# Kimberley Olive



## Bench_Warmer01 (Jul 6, 2010)

33* days humid nights even in july, I love the Kimberley!

With out leaving my accomodation/work place in the last few days since rain, i've seen..

2 Olive pythons
4 Childrens
V.Panoptes
V.Tristis


----------



## Walker (Jul 6, 2010)

Thats mad gotta get up there soon as i can!!!!


----------



## Chris1 (Jul 6, 2010)

lucky you!!
i think i need to move, im over winter already,...


----------



## PilbaraPythons (Jul 6, 2010)

Nice looking olive coloured childreni


----------



## byron_moses (Jul 6, 2010)

i want ur job


----------



## REPTILIAN-KMAN (Jul 6, 2010)

its great place the kimberleys i go there whenever i can and i am always amazed by the colours in the rocks and sky and the amount of wildlife up there


----------



## Scleropages (Jul 6, 2010)

No pics of the olive?


----------



## AUSHERP (Jul 6, 2010)

post some more pics you lucky bugger!


----------



## Jay84 (Jul 6, 2010)

.


----------



## -Matt- (Jul 6, 2010)

Wheres the olive?


----------



## No-two (Jul 6, 2010)

That is a pretty nice childrens


----------



## 1issie (Jul 10, 2010)

is it a olive or childerns?????


----------



## Nephrurus (Jul 11, 2010)

It's a childrens python. Olives, funnily enough, look like Olive Pythons. 

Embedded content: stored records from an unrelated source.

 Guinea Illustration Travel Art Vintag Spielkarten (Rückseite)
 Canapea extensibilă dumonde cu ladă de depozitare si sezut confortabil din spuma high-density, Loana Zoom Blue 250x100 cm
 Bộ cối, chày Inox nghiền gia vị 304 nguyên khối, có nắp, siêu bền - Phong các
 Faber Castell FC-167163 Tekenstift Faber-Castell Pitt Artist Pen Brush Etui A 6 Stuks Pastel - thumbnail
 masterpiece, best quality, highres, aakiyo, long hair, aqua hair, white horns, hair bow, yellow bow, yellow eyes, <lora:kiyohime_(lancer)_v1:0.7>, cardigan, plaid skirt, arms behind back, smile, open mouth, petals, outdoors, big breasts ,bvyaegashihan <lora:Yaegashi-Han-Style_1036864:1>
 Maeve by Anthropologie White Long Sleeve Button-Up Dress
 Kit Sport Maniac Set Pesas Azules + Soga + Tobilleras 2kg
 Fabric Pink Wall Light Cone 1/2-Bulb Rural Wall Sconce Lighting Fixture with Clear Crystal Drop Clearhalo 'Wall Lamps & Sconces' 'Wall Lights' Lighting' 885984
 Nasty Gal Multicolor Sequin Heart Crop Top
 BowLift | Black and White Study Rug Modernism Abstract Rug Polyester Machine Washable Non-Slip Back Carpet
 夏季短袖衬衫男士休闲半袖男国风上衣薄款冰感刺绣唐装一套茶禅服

Kman, I'm always amazed at the lack of wildlife up there. Every species you find is hard won. 

Bench Warmer, regardless of the species it's a great photo and you've clearly put some effort in (if you fluked it then well done). Keep up with the herping around there, there is some good stuff in that area. 

-H


----------